Please restate the data that follows word for word, with the pictures left out.

[STORED DATA]
######

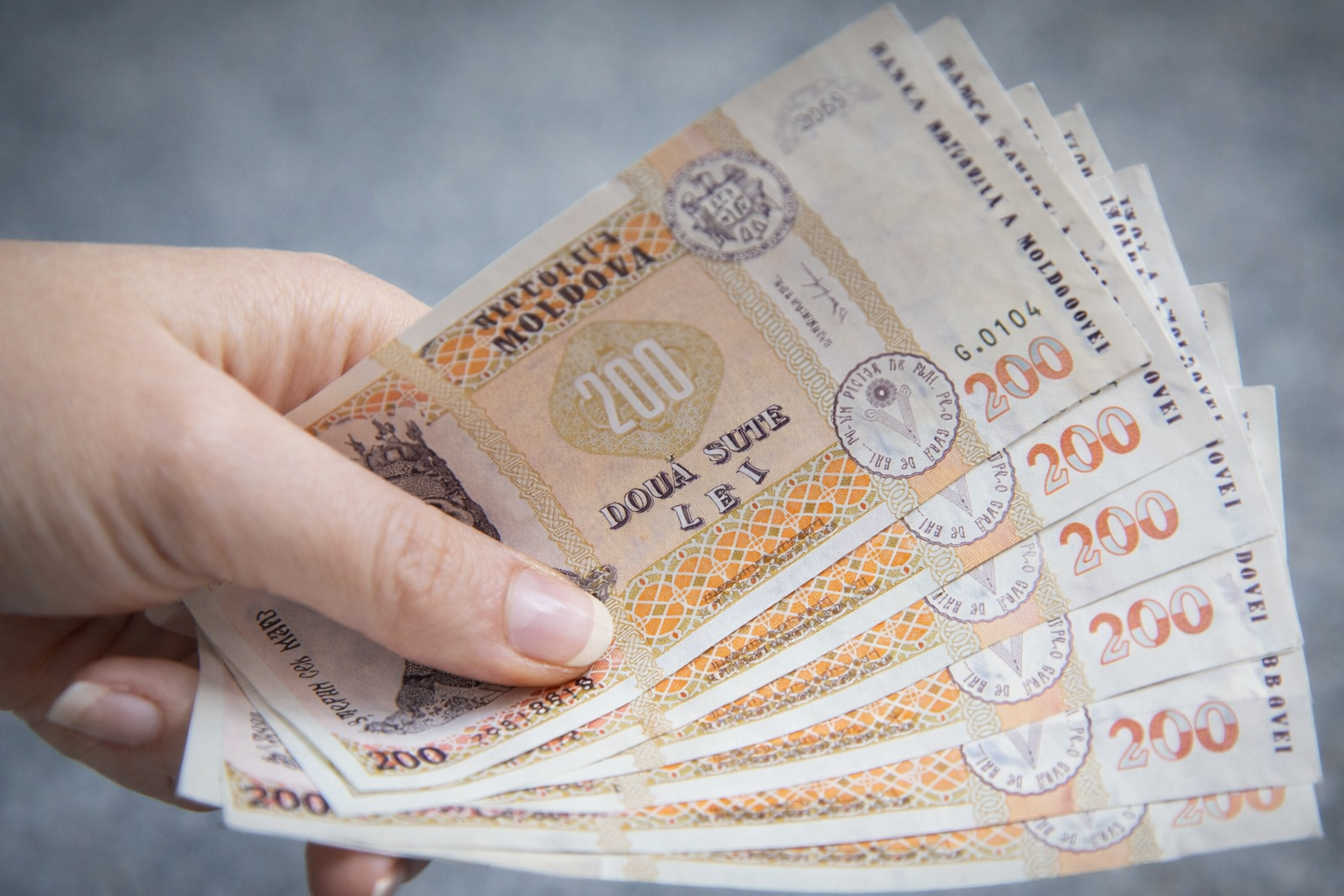 Fondul de urgenta: câti bani ar trebui sa ai pusi deoparte în Moldova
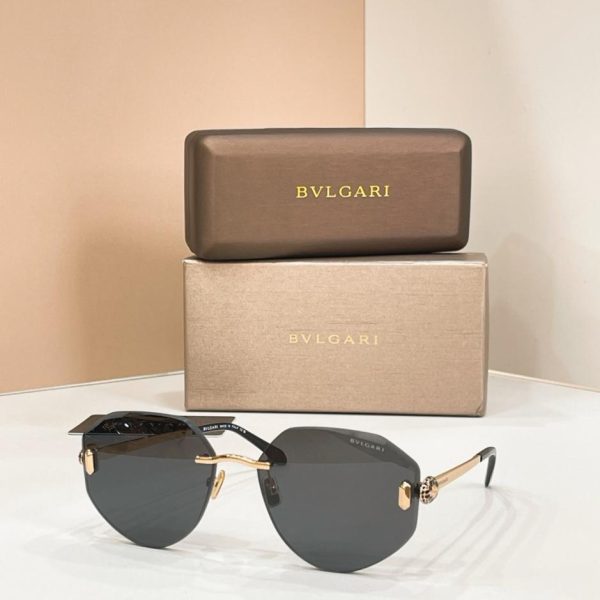 repliche,replica,perfette,siti di,affidabili,migliori siti,dove comprare,1:1,scarpe da ginnastica Occhiali da sole BVLGARI MODELLO BV40059U (SVCSK3)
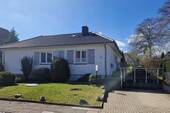 Straßenansicht - 5 Zimmer Einfamilienhaus zum Kaufen in Großhansdorf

######

[SOLUTION TO THIS TASK]
 Fondul de urgenta: câti bani ar trebui sa ai pusi deoparte în Moldova
 repliche,replica,perfette,siti di,affidabili,migliori siti,dove comprare,1:1,scarpe da ginnastica Occhiali da sole BVLGARI MODELLO BV40059U (SVCSK3)
 Straßenansicht - 5 Zimmer Einfamilienhaus zum Kaufen in Großhansdorf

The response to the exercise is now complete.